__Work order__.
Look below for the line containing "L-Glutamine Powder Supplement Facts Label" and the line containing "Tropical Happy Flamingo Handcrafted Boots", then set down both and every line between them exactly, without pictures.

__Records supplied__.

:::::

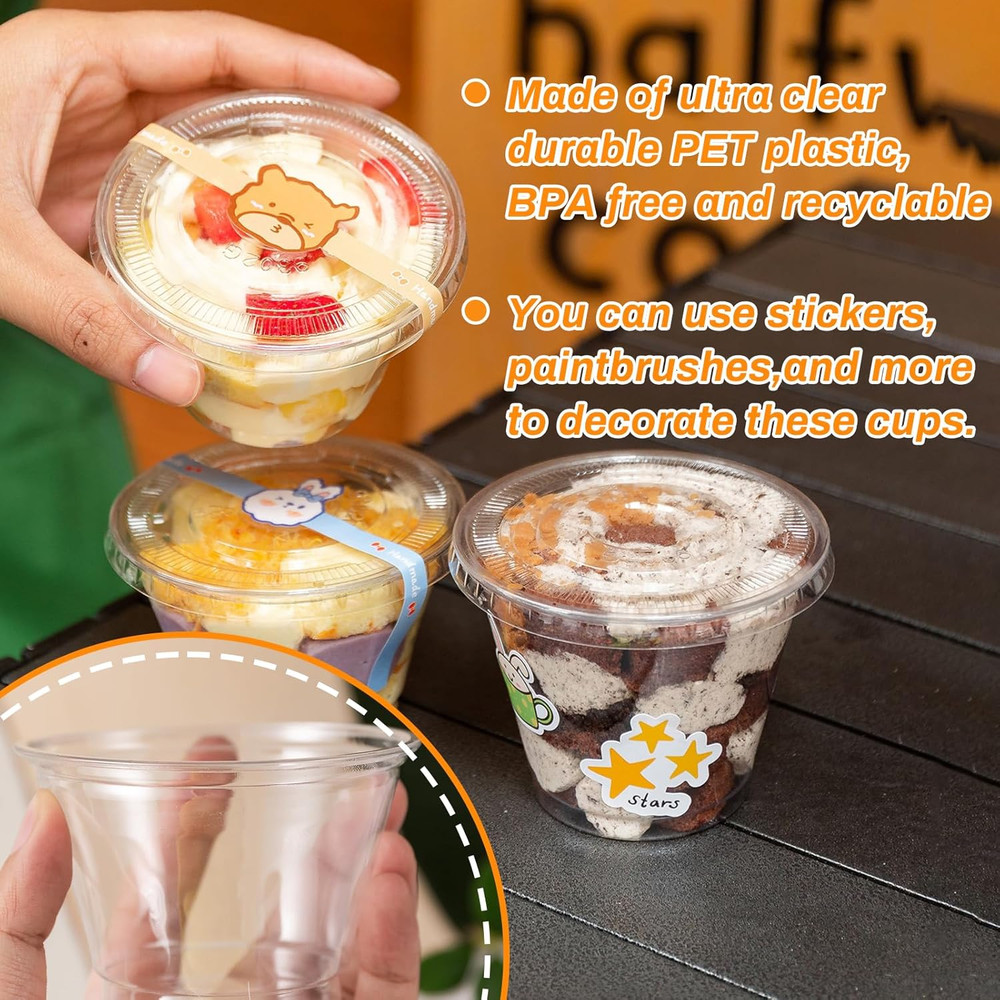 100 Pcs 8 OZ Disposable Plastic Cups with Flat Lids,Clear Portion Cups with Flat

:::::

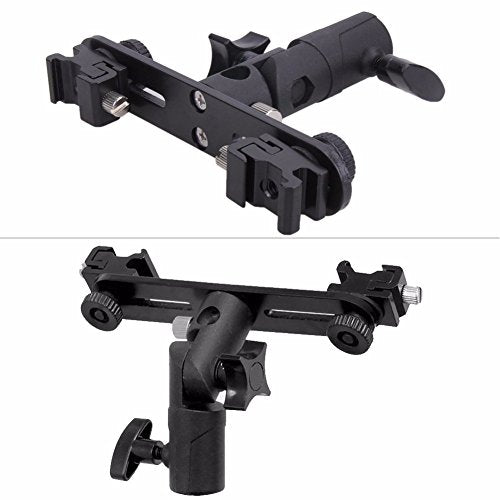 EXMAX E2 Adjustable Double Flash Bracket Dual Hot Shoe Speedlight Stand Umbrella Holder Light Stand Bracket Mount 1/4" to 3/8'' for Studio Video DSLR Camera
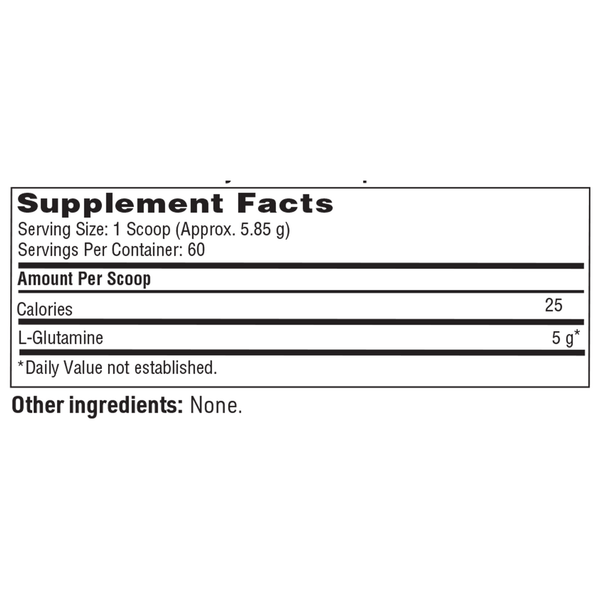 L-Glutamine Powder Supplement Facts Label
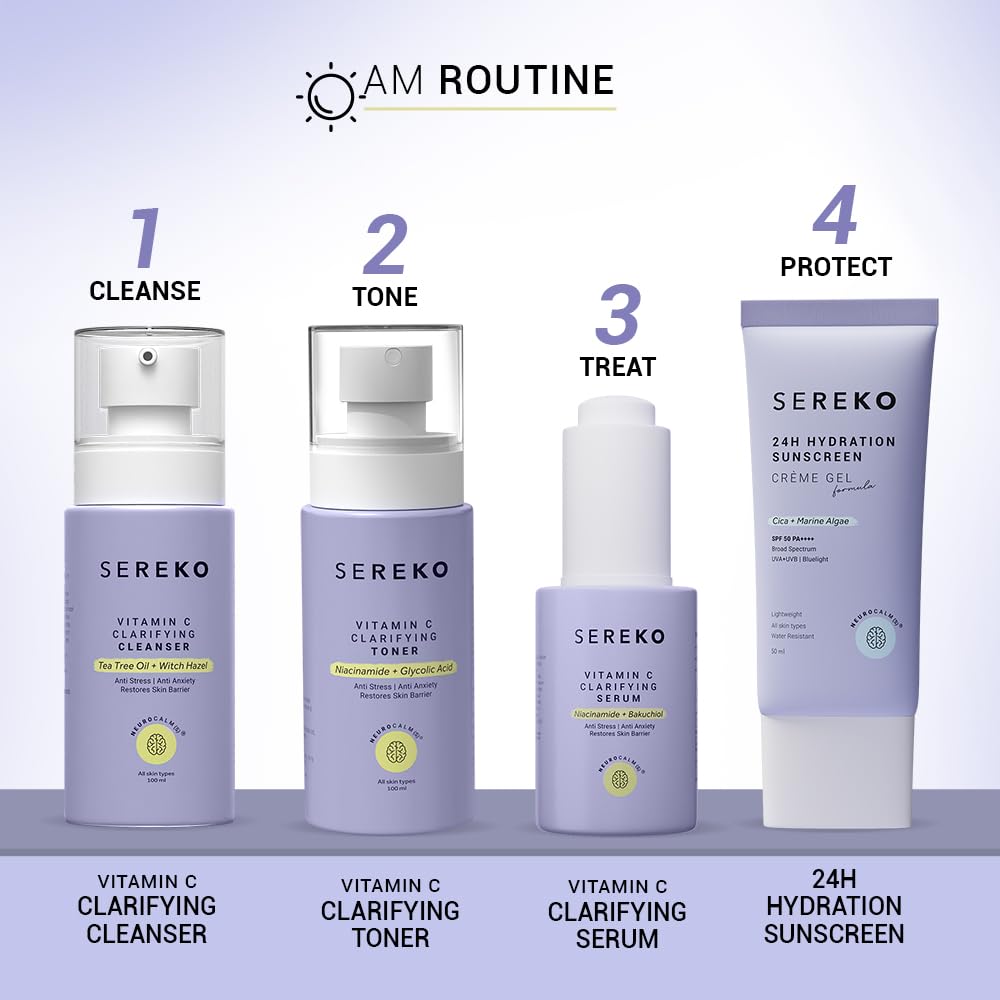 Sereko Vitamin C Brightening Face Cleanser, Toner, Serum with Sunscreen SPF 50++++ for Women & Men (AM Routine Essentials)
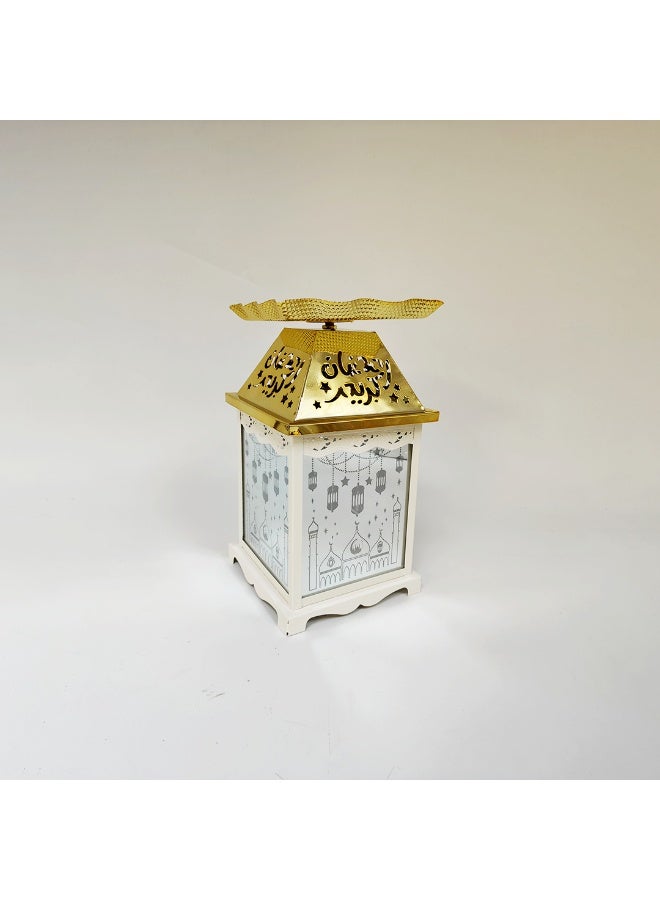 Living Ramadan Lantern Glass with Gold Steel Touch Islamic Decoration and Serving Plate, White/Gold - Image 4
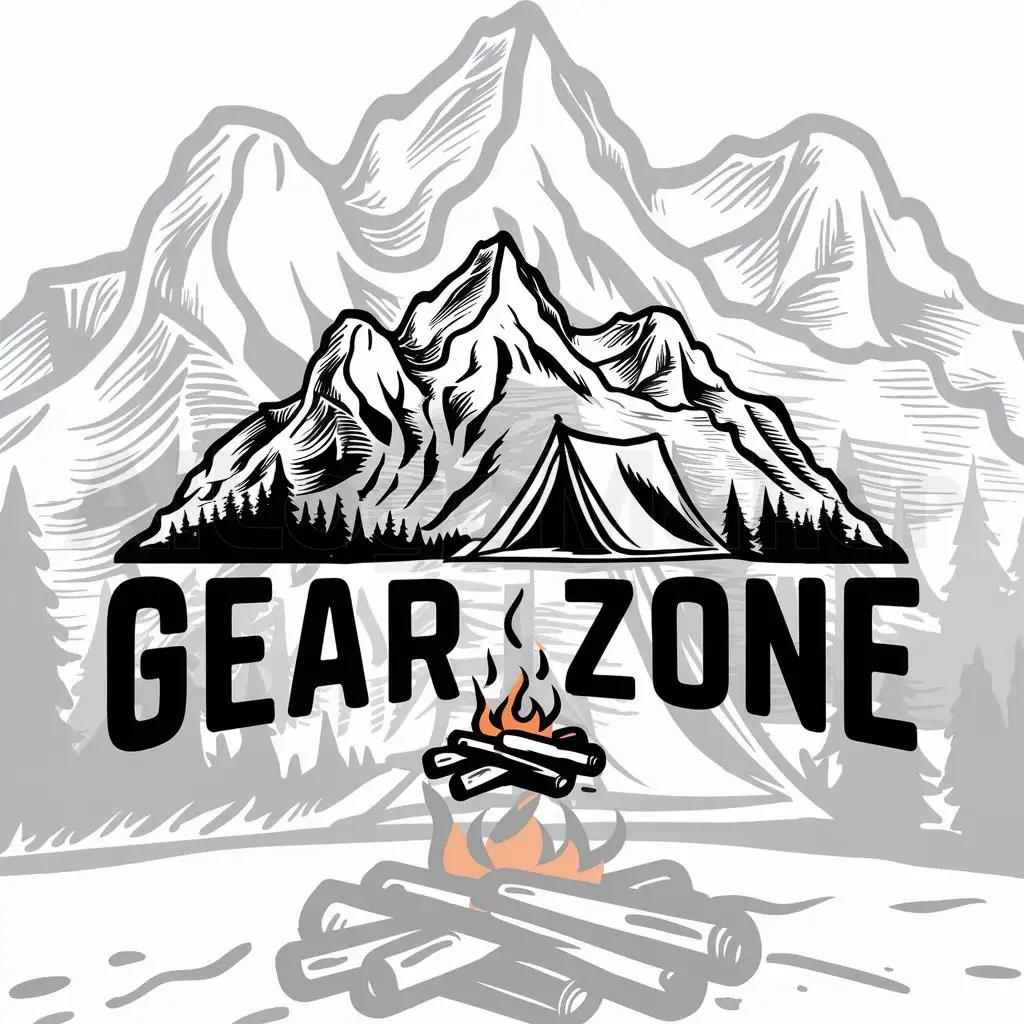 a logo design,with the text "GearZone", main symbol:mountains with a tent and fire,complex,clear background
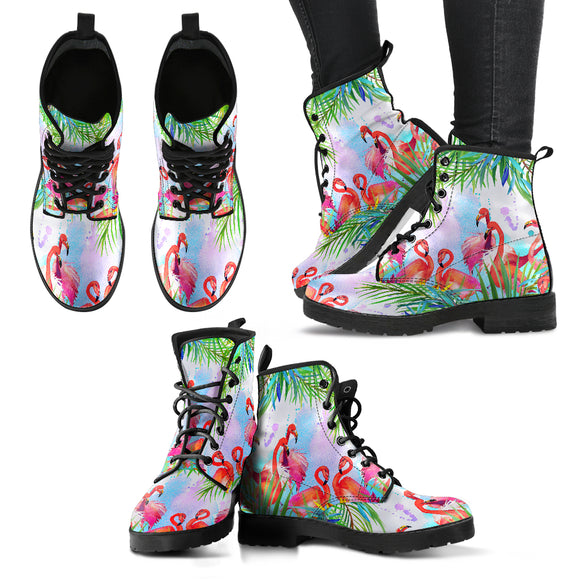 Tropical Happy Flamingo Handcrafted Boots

:::::

__Exercise output__.
 L-Glutamine Powder Supplement Facts Label
 Sereko Vitamin C Brightening Face Cleanser, Toner, Serum with Sunscreen SPF 50++++ for Women & Men (AM Routine Essentials)
 Living Ramadan Lantern Glass with Gold Steel Touch Islamic Decoration and Serving Plate, White/Gold - Image 4
 a logo design,with the text "GearZone", main symbol:mountains with a tent and fire,complex,clear background
 Tropical Happy Flamingo Handcrafted Boots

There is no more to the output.